7.4.4 Finding the Sample Size to Estimate a Population Mean

Should you buy a movie download accelerator? To test the download times, find the minimum number of downloads that you need to do during a free trial period to obtain a \(95\%\) CL with a ME < \(8\) minutes. Given, \(\sigma = 10 \space min\)

First, calculate \(n\) using \(z\) score

\[ \begin{align} ME &< 8 \\ \\ \text {with } z^* &= 2 \text { at 95% CL} \\ \\ 2 \times \frac {10}{\sqrt n} &< 8 \\ n &> 6.25 \\ n &\approx 7 \\ \\ \end{align} \]

Sample size turns out to be too small for normal approximation. Therefore, re-estimate \(n\) using \(t\) score. Second, find the critical value of \(t_{\alpha/2}\) corresponding to a \(95\%\) confidence level, given that \(n = 6\).

\[ \begin{align} df &= 7 - 1 = 6 \\ \\ \text {with } t^*_6 &= 2.447 \text { at 95% CL} \\ \\ 2.447 \times \frac {10}{\sqrt n} &< 8 \\ n &> 9.36 \\ n &\approx 10 \\ \\ \end{align} \]

Hence, at least 10 trial downloads need to be run to make sure ME remains less than \(8\) min.


Choosing between Student \(t\) and \(z\) Distributions

\[ \begin{array}{l|c} \text{conditions} & \text{method} \\ \hline \sigma \text{ not known; normally distributed population or n > 30} & t \\ \hline \sigma \text{ known; normally distributed population or n >30} & z \end{array} \]


7.5 Estimating a Population Standard Deviation or Variance

This section presents methods for using a sample standard deviation \(s\) (or a sample variance \(s^2\)) to estimate the value of the corresponding population standard deviation \(\sigma\) (or population variance \(\sigma^2\)).

  • Point Estimate: The sample variance \(s^2\) is the best point estimator of the population variance \(\sigma^2\).
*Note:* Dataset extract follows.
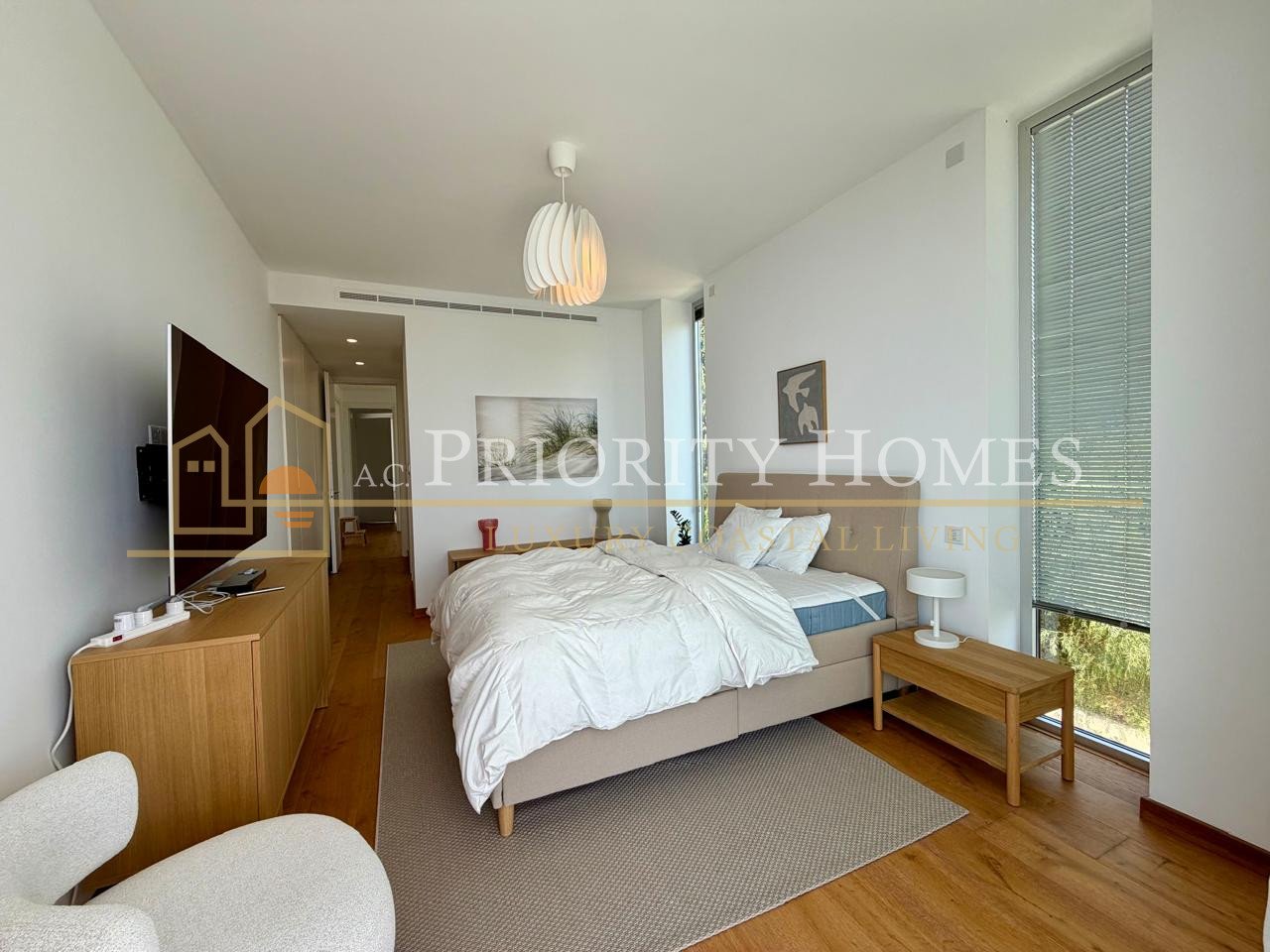 EXCLUSIVE LUXURY FIVE BEDROOM SEAFRONT VILLA Coral Bay Area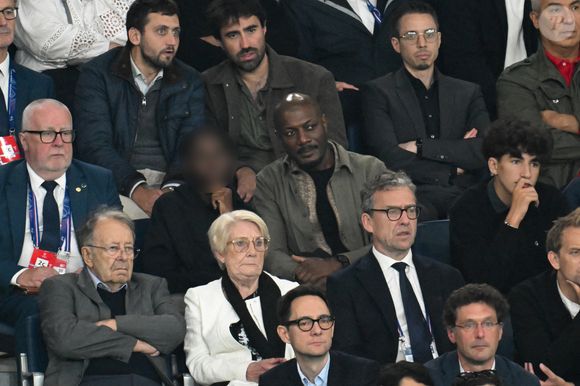 Harry Roselmack et son fils Leroy - Célébrités dans les tribunes lors du match de ligue des Champions entre le Paris Saint Germain et Atalanta au Parc des Princes à Paris le 17 septembre 2025.

 © Lionel Urman/Bestimage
The sample standard deviation \(s\) is commonly used as a point estimate of \(\sigma\), even though it is a biased estimator.

  • Confidence Interval: When constructing a confidence interval estimate of a population standard deviation (or population variance), we construct the confidence interval using the \(\chi^2 \text{ distribution}\).
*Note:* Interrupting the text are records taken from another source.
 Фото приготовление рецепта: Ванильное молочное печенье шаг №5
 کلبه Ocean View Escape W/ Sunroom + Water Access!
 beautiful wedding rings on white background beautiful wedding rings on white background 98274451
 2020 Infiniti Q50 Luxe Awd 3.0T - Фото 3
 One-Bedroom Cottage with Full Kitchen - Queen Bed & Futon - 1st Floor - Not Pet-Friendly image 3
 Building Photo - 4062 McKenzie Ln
Chi-Squared \(\chi^2\) Distribution

  • In a normally distributed population with variance \(\sigma^2\), if we randomly select independent samples of size \(n\) and, for each sample, compute the sample variance \(s^2\), the sample statistic \(\chi^2 = (n -1)s^2/{\sigma^2}\) has sampling distribution called the chi-squared distribution,

\[ \chi^2 = \frac{(n-1)s^2}{\sigma^2} \]

  • \(\text{Degrees of freedom: df } = n -1\)
  • \(\chi^2 \text{ distribution }\) is skewed to the right, unlike normal and student \(t\) distributions.
  • \(\chi^2 \ge 0\)
  • The chi-squared distribution is different for each number of degrees of freedom. As the degrees of freedom increases, chi-squared distribution approaches a normal distribution.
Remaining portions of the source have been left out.